2. Description of the Related Art
As well-known by those skilled in the art, a semiconductor device fabrication step forms a semiconductor wafer in which devices such as ICs, LSIs or the like formed in a matrix pattern by laminated bodies each formed of an insulating film and a function film laminated on the front surface of a semiconductor substrate such as silicon or the like. The semiconductor thus formed is sectioned by predetermined cutting lines called streets. Individual devices are manufactured by dividing the semiconductor wafer along the streets.
Such division of the wafer along the streets is generally executed by a cutting device. This cutting device includes a chuck table adapted to hold a semiconductor wafer, i.e., a workpiece; cutting means for cutting the semiconductor wafer held by the chuck table; and moving means for relatively moving the chuck table and the cutting means.
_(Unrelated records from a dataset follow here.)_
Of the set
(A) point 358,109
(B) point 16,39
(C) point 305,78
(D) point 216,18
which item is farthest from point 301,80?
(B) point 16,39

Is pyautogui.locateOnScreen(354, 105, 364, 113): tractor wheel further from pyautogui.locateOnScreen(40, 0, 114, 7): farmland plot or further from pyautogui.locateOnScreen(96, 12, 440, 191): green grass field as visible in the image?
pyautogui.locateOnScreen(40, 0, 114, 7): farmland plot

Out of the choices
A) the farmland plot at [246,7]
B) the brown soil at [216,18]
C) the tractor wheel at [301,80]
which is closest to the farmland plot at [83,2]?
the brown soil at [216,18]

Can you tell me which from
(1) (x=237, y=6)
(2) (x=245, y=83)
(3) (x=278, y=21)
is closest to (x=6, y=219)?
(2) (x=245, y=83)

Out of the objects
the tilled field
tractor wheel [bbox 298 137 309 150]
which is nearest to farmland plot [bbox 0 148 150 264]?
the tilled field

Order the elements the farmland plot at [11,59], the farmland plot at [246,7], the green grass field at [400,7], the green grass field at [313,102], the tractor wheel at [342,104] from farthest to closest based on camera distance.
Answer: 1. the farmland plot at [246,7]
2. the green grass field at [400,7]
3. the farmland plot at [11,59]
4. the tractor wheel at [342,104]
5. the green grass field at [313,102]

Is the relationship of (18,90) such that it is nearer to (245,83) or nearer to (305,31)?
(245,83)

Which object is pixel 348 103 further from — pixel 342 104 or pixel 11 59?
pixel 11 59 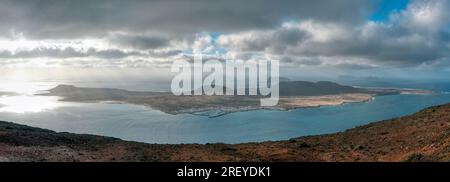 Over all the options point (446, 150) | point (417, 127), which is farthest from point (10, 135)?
point (417, 127)

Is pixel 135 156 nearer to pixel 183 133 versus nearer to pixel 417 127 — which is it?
pixel 417 127

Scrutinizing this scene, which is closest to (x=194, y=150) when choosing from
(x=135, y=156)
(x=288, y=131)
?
(x=135, y=156)

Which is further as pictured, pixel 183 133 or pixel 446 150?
pixel 183 133

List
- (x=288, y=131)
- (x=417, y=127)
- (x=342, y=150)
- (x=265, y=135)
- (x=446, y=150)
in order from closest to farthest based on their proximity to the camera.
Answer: (x=446, y=150), (x=342, y=150), (x=417, y=127), (x=265, y=135), (x=288, y=131) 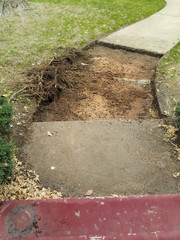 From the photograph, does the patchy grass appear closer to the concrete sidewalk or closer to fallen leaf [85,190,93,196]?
the concrete sidewalk

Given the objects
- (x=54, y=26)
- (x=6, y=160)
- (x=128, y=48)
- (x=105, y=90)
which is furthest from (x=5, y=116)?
(x=54, y=26)

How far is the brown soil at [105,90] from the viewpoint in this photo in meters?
4.50

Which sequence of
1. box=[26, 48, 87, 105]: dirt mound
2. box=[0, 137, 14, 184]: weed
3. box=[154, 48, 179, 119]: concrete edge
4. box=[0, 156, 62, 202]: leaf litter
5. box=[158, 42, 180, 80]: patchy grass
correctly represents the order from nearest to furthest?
box=[0, 137, 14, 184]: weed, box=[0, 156, 62, 202]: leaf litter, box=[154, 48, 179, 119]: concrete edge, box=[26, 48, 87, 105]: dirt mound, box=[158, 42, 180, 80]: patchy grass

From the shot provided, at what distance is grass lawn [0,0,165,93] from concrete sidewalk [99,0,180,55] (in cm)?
42

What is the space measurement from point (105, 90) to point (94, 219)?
10.1 feet

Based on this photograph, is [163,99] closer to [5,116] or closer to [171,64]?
[171,64]

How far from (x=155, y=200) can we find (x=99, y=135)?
1399mm

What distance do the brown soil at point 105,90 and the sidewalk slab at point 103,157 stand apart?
48 centimetres

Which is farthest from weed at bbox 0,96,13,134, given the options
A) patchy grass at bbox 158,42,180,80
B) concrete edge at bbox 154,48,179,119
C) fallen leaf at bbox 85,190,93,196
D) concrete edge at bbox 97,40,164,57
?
concrete edge at bbox 97,40,164,57

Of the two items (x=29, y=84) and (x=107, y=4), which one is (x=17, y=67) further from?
(x=107, y=4)

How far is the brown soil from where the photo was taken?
14.8ft

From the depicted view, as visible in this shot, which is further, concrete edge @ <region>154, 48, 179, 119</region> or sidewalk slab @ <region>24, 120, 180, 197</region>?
concrete edge @ <region>154, 48, 179, 119</region>

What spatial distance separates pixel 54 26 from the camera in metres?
7.96

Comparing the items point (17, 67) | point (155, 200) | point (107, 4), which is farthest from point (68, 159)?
point (107, 4) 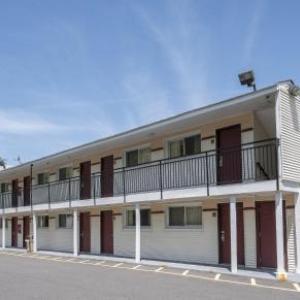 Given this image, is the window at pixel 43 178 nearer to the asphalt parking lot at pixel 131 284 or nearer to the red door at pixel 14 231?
the red door at pixel 14 231

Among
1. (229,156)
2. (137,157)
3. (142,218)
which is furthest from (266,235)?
(137,157)

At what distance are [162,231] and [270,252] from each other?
16.3 feet

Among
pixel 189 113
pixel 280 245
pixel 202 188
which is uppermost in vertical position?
pixel 189 113

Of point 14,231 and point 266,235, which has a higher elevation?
point 266,235

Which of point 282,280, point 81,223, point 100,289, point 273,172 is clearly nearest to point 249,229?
point 273,172

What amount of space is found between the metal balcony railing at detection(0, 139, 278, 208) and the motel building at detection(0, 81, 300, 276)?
34 mm

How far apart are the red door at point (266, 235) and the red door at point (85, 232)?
10.8 m

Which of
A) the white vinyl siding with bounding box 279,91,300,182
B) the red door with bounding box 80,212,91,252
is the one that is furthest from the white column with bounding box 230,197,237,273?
the red door with bounding box 80,212,91,252

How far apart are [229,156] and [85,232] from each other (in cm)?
1087

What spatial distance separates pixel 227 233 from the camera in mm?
17703

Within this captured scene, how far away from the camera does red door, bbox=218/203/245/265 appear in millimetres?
17250

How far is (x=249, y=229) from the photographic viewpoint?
16906mm

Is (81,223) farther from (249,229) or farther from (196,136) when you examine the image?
(249,229)

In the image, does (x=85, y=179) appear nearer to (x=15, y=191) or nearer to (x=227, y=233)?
(x=15, y=191) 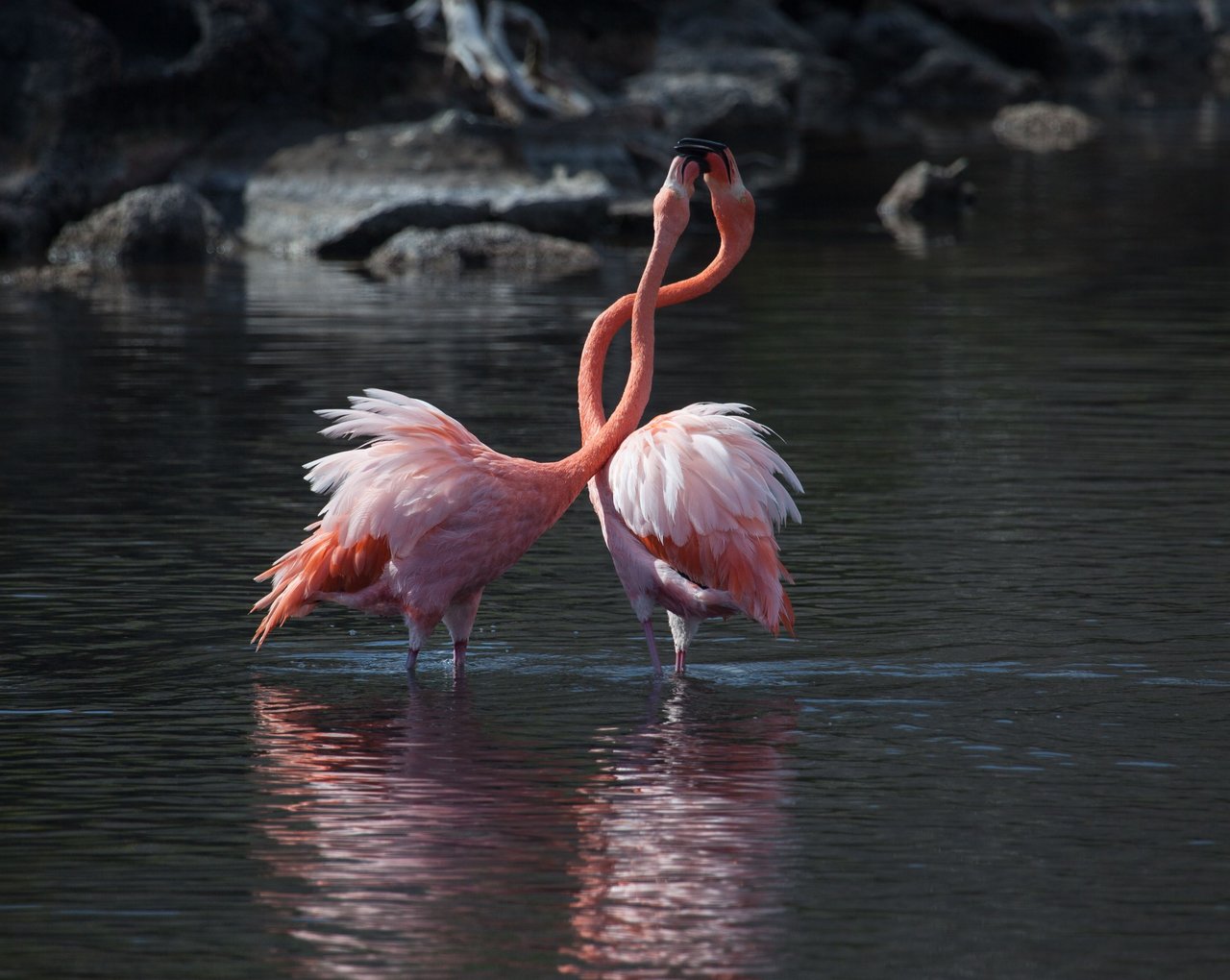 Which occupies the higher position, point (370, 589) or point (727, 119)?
point (727, 119)

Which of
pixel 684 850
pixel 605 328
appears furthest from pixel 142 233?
pixel 684 850

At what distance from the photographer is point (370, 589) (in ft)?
22.6

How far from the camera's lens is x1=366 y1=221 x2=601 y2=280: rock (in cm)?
2055

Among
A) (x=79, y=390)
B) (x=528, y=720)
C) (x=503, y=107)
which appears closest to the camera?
(x=528, y=720)

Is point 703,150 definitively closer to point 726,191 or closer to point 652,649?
point 726,191

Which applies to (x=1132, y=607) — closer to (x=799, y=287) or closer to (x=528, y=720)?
(x=528, y=720)

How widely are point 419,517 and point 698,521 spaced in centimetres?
90

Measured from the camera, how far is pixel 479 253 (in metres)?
20.8

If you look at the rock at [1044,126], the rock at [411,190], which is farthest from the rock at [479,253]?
the rock at [1044,126]

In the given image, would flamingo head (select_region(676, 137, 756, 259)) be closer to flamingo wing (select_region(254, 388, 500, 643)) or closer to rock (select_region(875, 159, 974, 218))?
flamingo wing (select_region(254, 388, 500, 643))

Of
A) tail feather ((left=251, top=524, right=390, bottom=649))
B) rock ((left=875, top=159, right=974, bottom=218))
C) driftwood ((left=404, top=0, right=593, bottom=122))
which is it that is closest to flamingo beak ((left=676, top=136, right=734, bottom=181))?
tail feather ((left=251, top=524, right=390, bottom=649))

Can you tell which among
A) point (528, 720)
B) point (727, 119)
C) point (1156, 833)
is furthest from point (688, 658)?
point (727, 119)

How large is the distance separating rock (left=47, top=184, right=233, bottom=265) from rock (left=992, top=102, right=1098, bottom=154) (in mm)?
19004

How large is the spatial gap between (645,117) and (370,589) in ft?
75.7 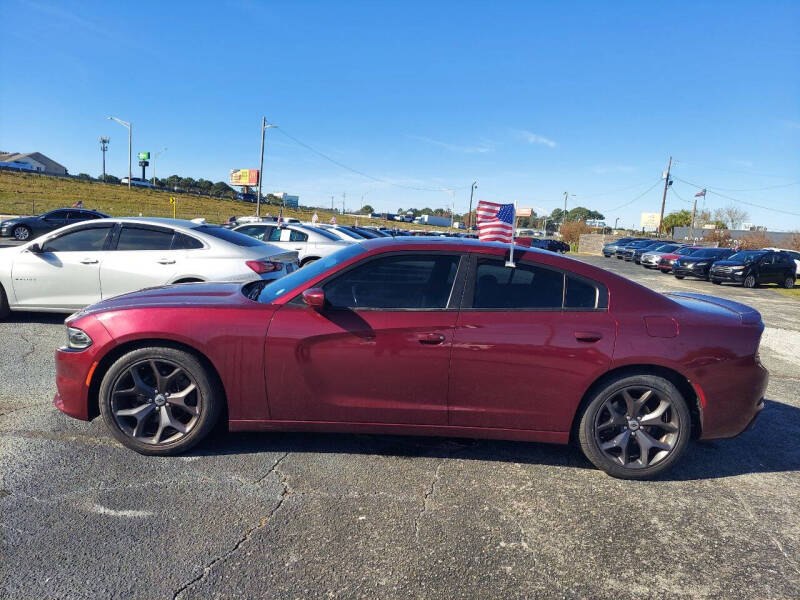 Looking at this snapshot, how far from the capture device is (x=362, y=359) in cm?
334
The cutting means includes a rotary spindle rotated at high-speeds and a cutting blade attached to the spindle. The cutting blade is composed of a disklike base and an annular cutting edge attached to the lateral outer-circumferential portion of the base. The cutting edge is fixedly formed, by electrocasting, with e.g. diamond abrasive grains each having a diameter of about 3 μm.
In recent years, semiconductor wafers in the following form have been put to practical use in order to improve a throughput capacity for devices such as ICs, LSIs or the like. That is to say, the devices are each formed of a laminated body in which a low-dielectric insulation film (Low-k film) and a function film formed with a circuit are laminated on the front surface of a semiconductor substrate such as silicon or the like. The low-dielectric film is made of an inorganic film such as SiOF, BSG (SiOB) or the like or of an organic film which is a polymer film such as a polyimide-series, a parylene series or the like. Since the Low-k film mentioned above is different from the material of the wafer, it is difficult to cut both the Low-k film and the wafer at the same time by a cutting blade. More specifically, the Low-k film is very fragile like mica. Therefore, if the semiconductor wafer is cut along streets by the cutting blade, the Low-k film is exfoliated. The exfoliation reaches the circuit to pose a problem of fatally damaging the device.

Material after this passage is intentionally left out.